James Boyle (seen here in his fancy hat) is a tower of sense on IP law. He published a terrific essay on the subject in the Financial Times recently. Here’s how he sets the scene:
“So how do we decide the ground-rules of the information age? Representatives of interested industries come to regulators and ask for another heaping slice of monopoly rent in the form of an intellectual property right. They have doom-laden predictions, they have anecdotes, carefully selected to pluck the heartstrings of legislators, they have celebrities who testify – often incoherently, but with palpable charisma – and they have very, very simple economic models. The basic economic model here is ‘If you give me a larger right, I will have a larger incentive to innovate.
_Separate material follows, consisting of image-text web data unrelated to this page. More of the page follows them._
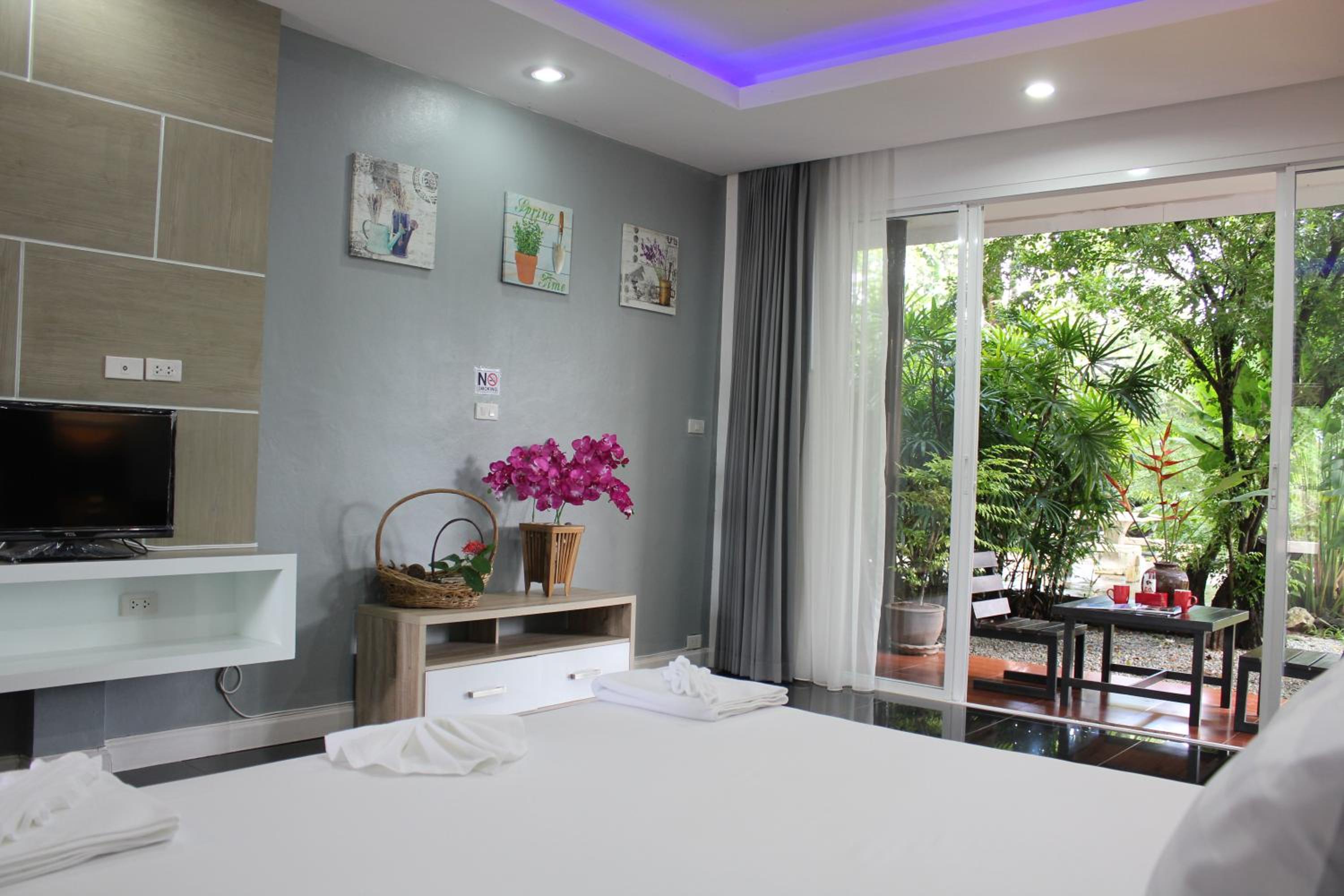 Studio with Garden View - Photo 11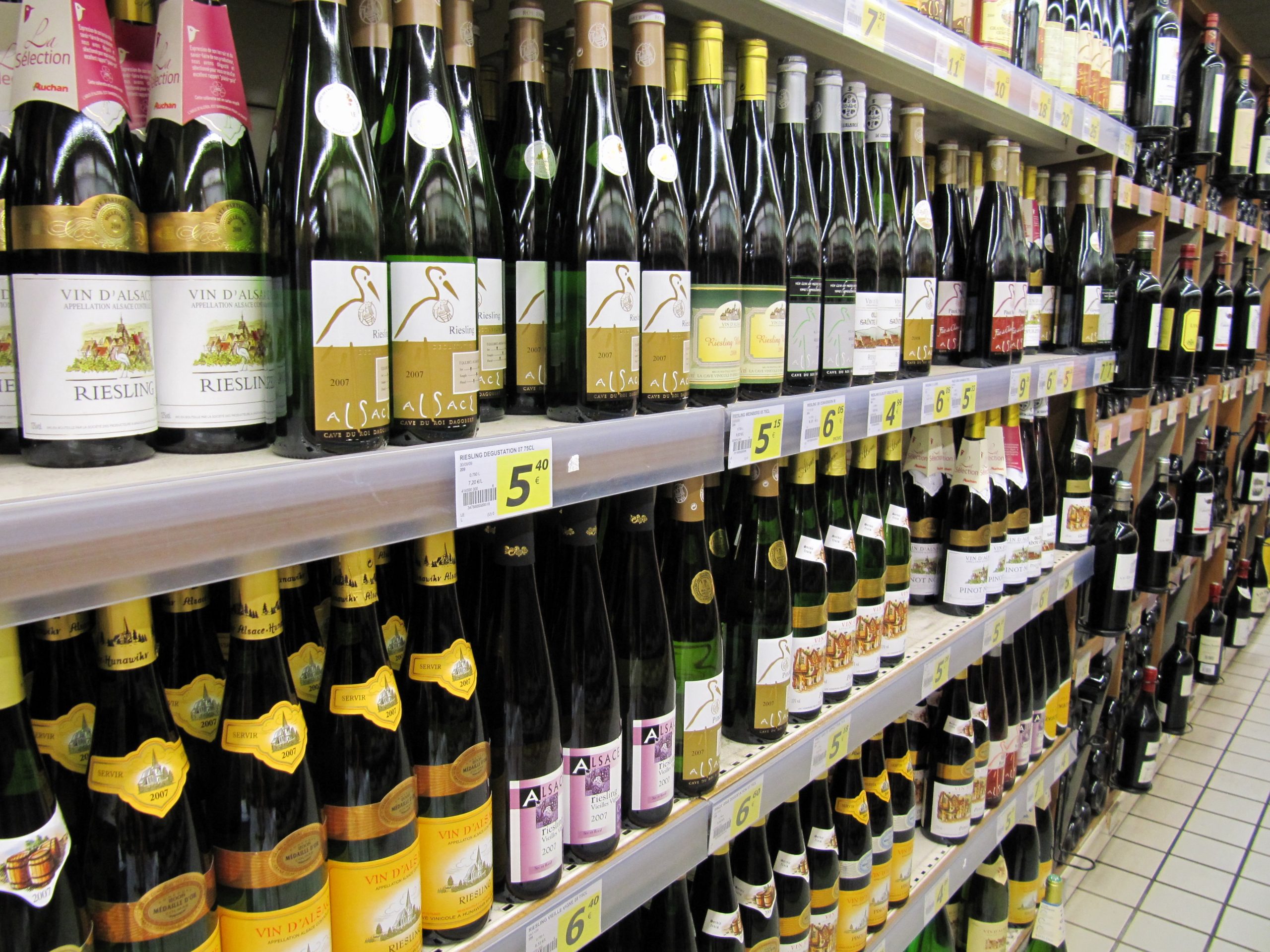 Rayon de vins en supermarché — foire aux vins 2026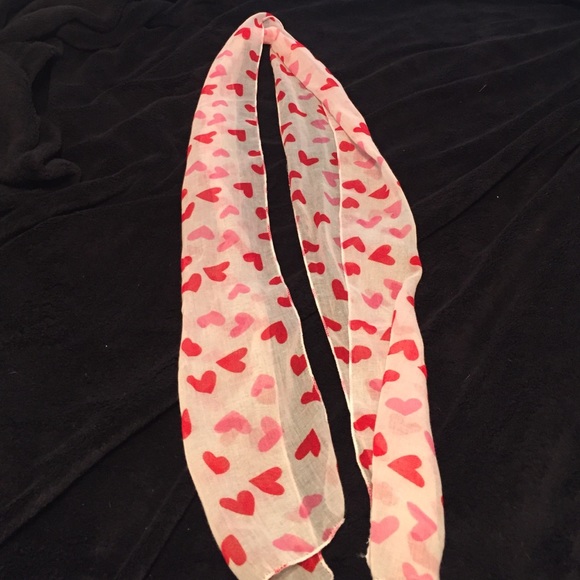Valentine's Day scarf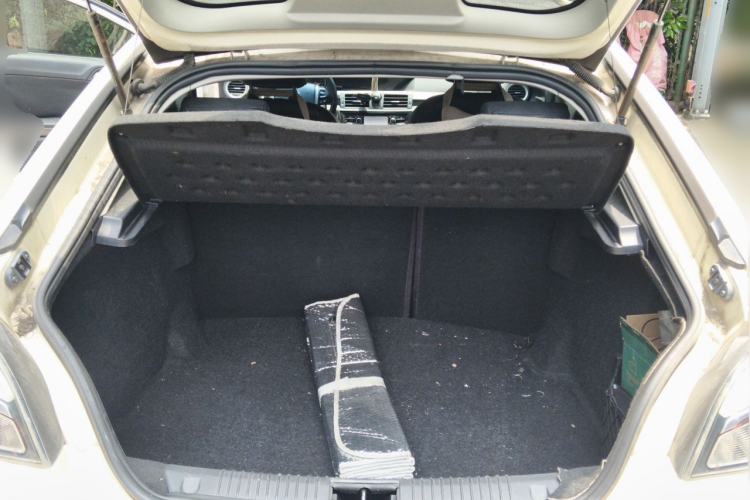 Used MG 6 2012 Hatchback 1.8T Automatic Luxury Edition Trunk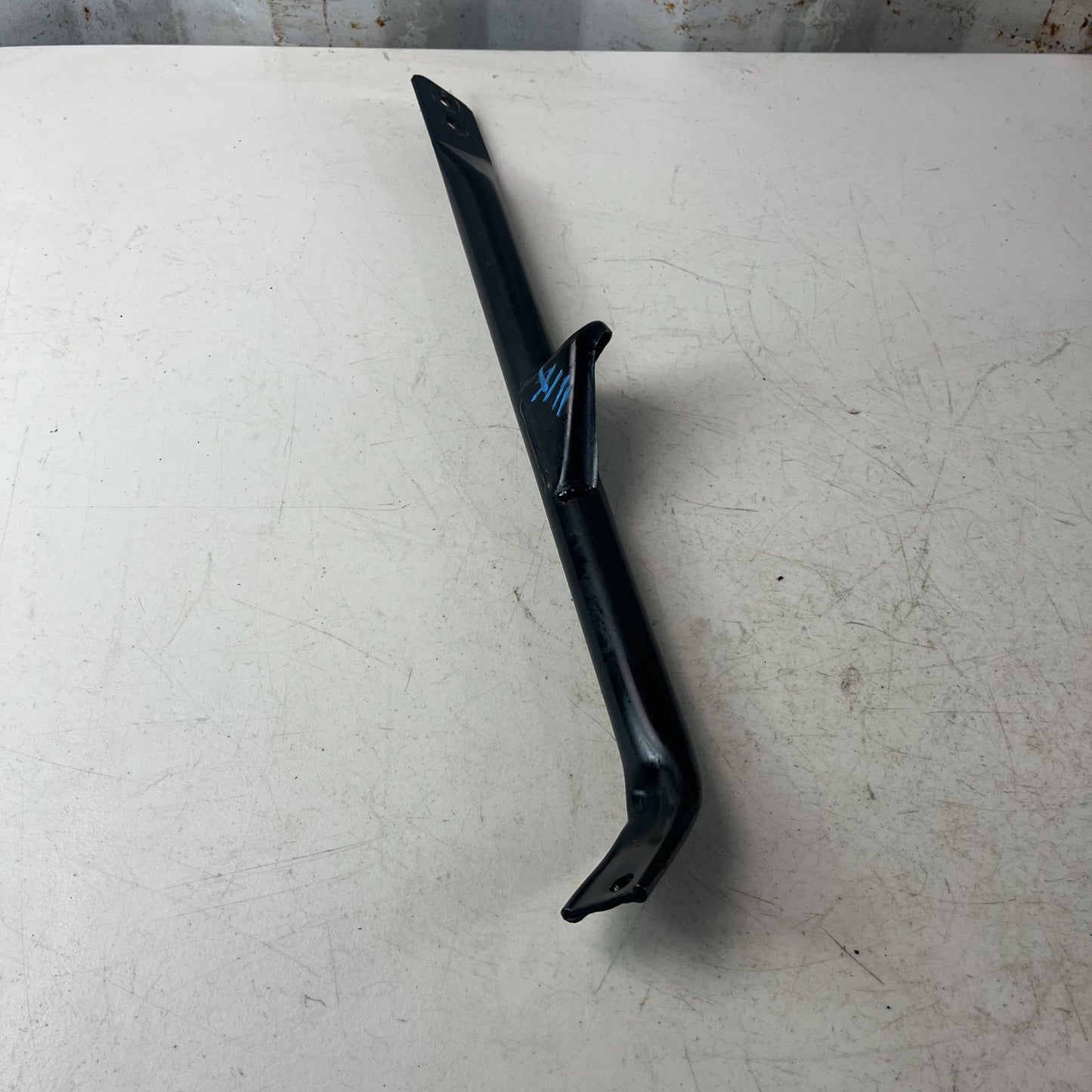 16-24 CHEVROLET CAMARO FRONT SUSPENSION RIGHT CROSS BAR STRUT SUPPORT BRACE OEM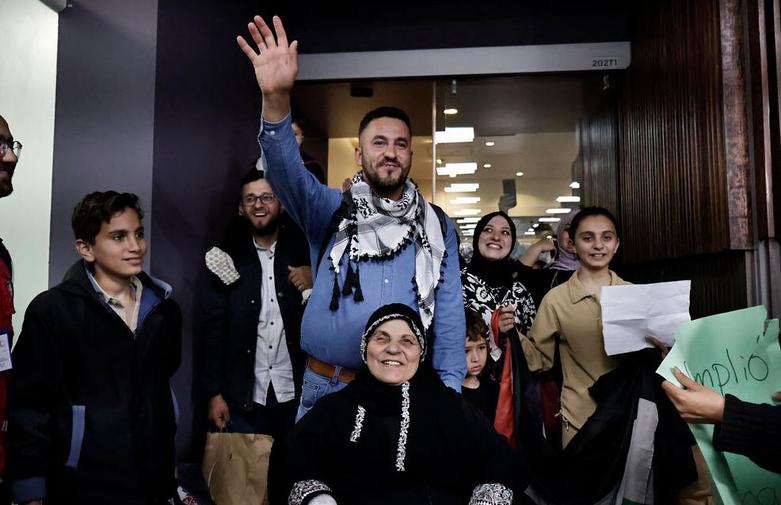 استقبال از یک خانواده فلسطینی از بازماندگان نسل کشی اسرائیل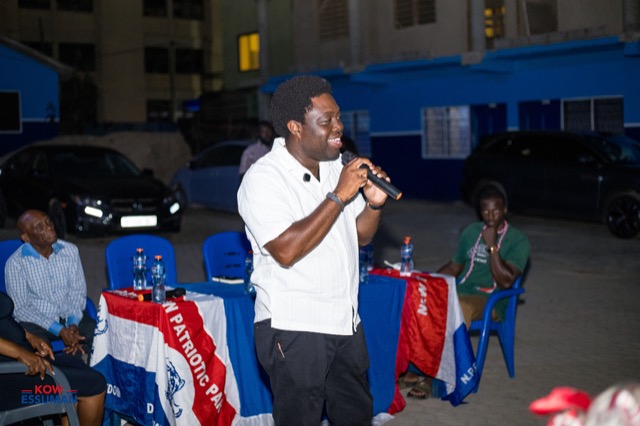 Evening meeting in Mpoase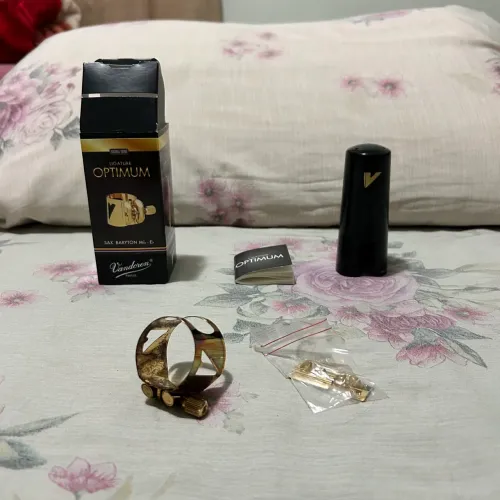 Abraçadeira Vandoren Optimum para Sax Barítono LC09P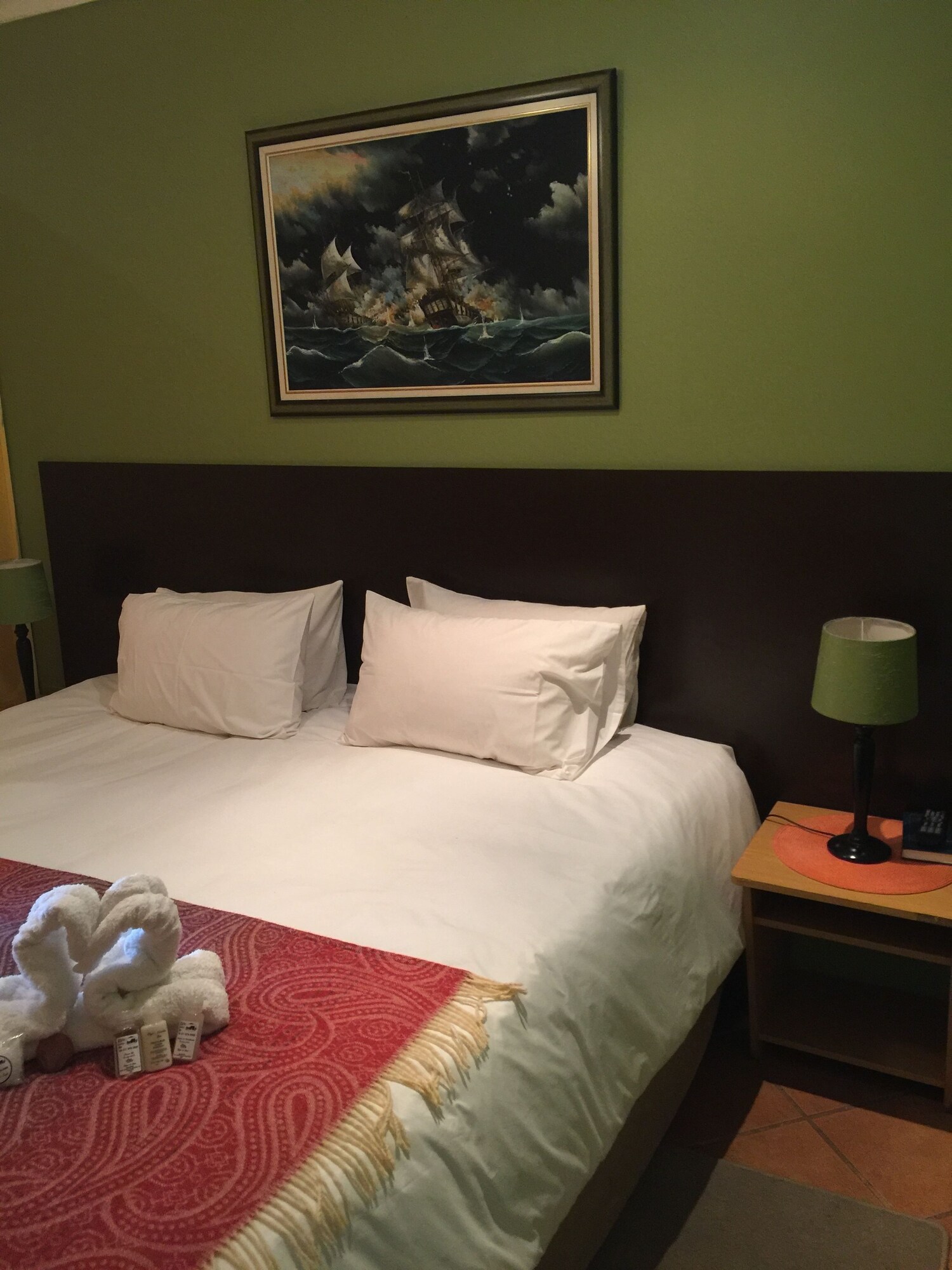 ROOM, DOUBLE BED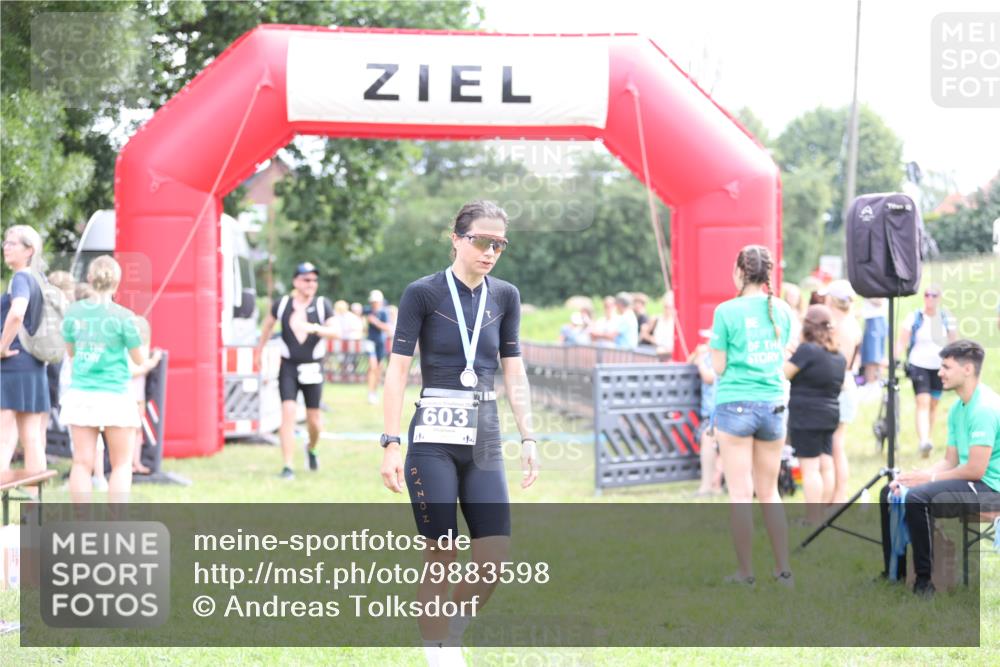 21.06.2026 - 29. Vierlanden-Triathlon Andreas Tolksdorf http://msf.ph/oto/9883598 21.06.2026 11:26:04 Ziel 477, 562, 477, 562 meine-sportfotos.de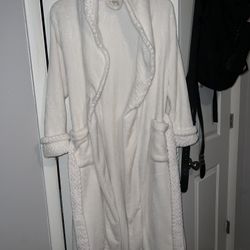 Bath Robe 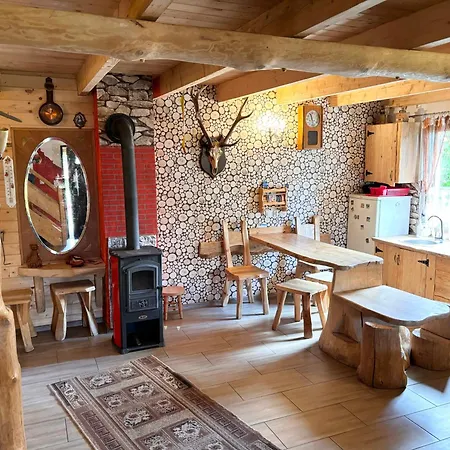 Domki Bialogarda Casa de Férias *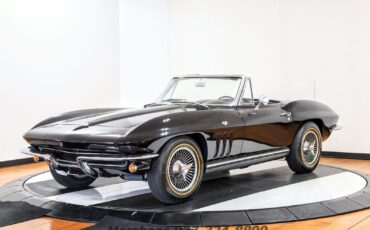Chevrolet-Corvette-1965-Convertible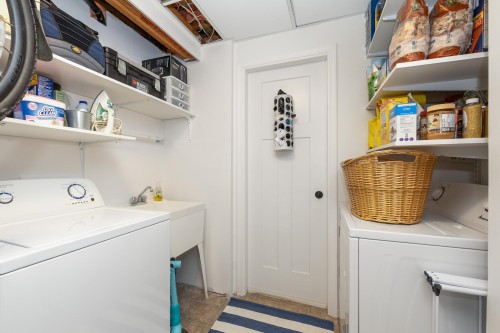 20350 Ospring Street, Maple Ridge, BC 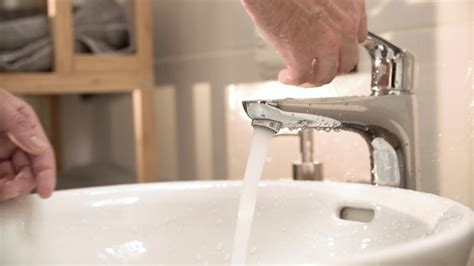 Water is turned on and off, water runs into sink - sound effect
Thus the bigger the rights, the more innovation we will get. Right?’ Well, not exactly.”
The problem, as Boyle sees it, is that we don’t have evidence-based lawmaking in this area. But then he has a great idea: why not look for an instance where one country has implemented a new IP law and another country has not, and compare the results. Does the strong-IP jurisdiction have more innovation than the weak-IP one? The delicious twist in the piece is that he has found such a case — database rights, where the EU legislated and the US did not. Guess which jurisdiction had more innovation in database development?
There’s only one thing better than a writer who quotes Macaulay, and that’s someone who writes like Macaulay. Jamie comes close to that ideal at times. Give him a white hat, someone.